Temporal owns the simulation lifecycle. The FastAPI app is a Temporal client; the actual orchestration runs in the temporal-worker service.

Why Temporal

Before Temporal, the lifecycle had three independent actors (the main Celery task, a recovery beat task, and an orphan-cleanup beat task), each inferring the others' liveness from DB rows and pod HTTP responses. A deploy that killed the Celery task before the first heartbeat could leave a live GPU pod idle for hours. Temporal makes workflow liveness authoritative: the workflow state lives in Temporal's own store, not in heuristics.

Where it runs

  • temporal — the server (temporalio/auto-setup) on 127.0.0.1:7233, namespace fishcloud, backed by the dedicated temporal-db Postgres container.
  • temporal-worker — runs python -m saas.workflows.worker. It hosts SimulationWorkflow (saas/workflows/sim_workflow.py) and its activities (saas/workflows/activities/). Configured via TEMPORAL_ADDRESS=temporal:7233 and TEMPORAL_NAMESPACE=fishcloud.

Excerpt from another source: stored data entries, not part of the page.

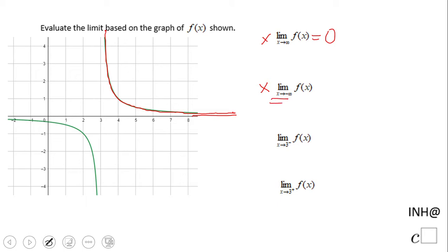The second one means what happens when x is getting smaller — we think backwards — x is getting closer to negative infinity, which will never be reached. Again we notice the function goes close to zero, so the answer is zero.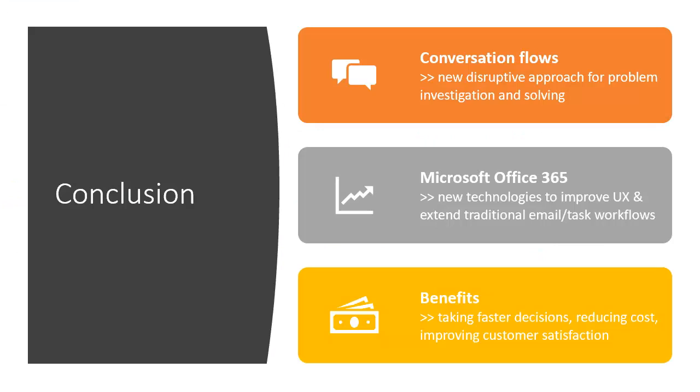We investigated a new disruptive approach to problem investigation and solving using conversation flows. Together with Office 365 technologies, we bring tools to improve traditional business process workflows. Benefits are obvious: instant discussions and meetings can help taking faster decisions, reducing costs, and improving customer satisfaction.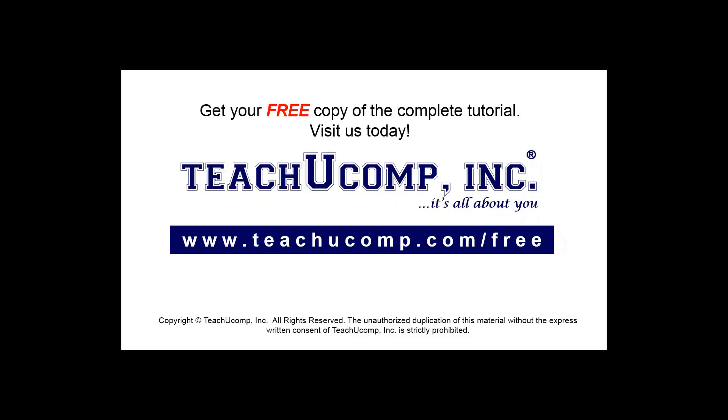Get your free copy of the complete tutorial at www.teachucomp.com/free.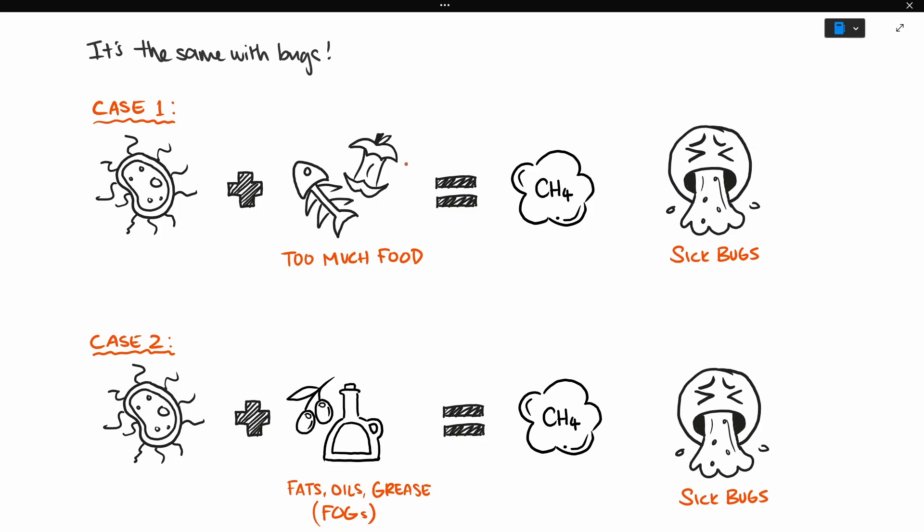If the OLR is too high, the bugs get sick, and your gas production goes down.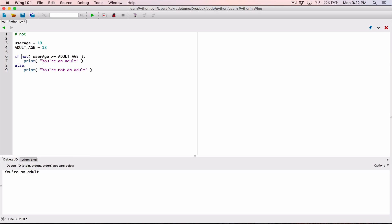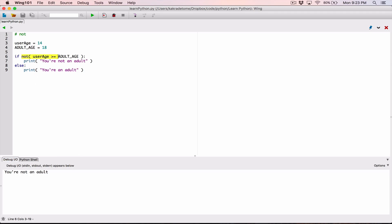If the user's age is not greater than or equal to the adult age, then print 'you're not an adult'; else, print 'you're an adult'. Let's change it back to 14. Since 14 is indeed not greater than or equal to the adult age, running the program prints 'you're not an adult' — it's true that 14 is not greater than or equal to adult_age.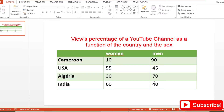To do this, we are going to create two drop-down menus in Excel. The first will be for the different countries — Cameroon, USA, Algeria, and India — and the second will be for sex: Women or Men. If you don't know how to create a drop-down menu in Excel, click the link below to watch my previous video where I explain it step by step. I won't show it again here as I want to move straight to the point.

On job creation, POST /api/jobs starts the workflow with id=sim-{job_id} on the sim task queue.

The workflow

SimulationWorkflow.run is pure orchestration over activities:

  1. Phase 1 (pre-GPU): optional enrich_seed (when enrich_web is set) and derive_markets. A failure here marks the job FAILED explicitly, since no pod exists yet.
  2. Phase 2 (GPU lifecycle): provision_podwait_for_worker_healthsubmit_and_pollupload_and_finalize. The activities write user-visible state to Postgres synchronously.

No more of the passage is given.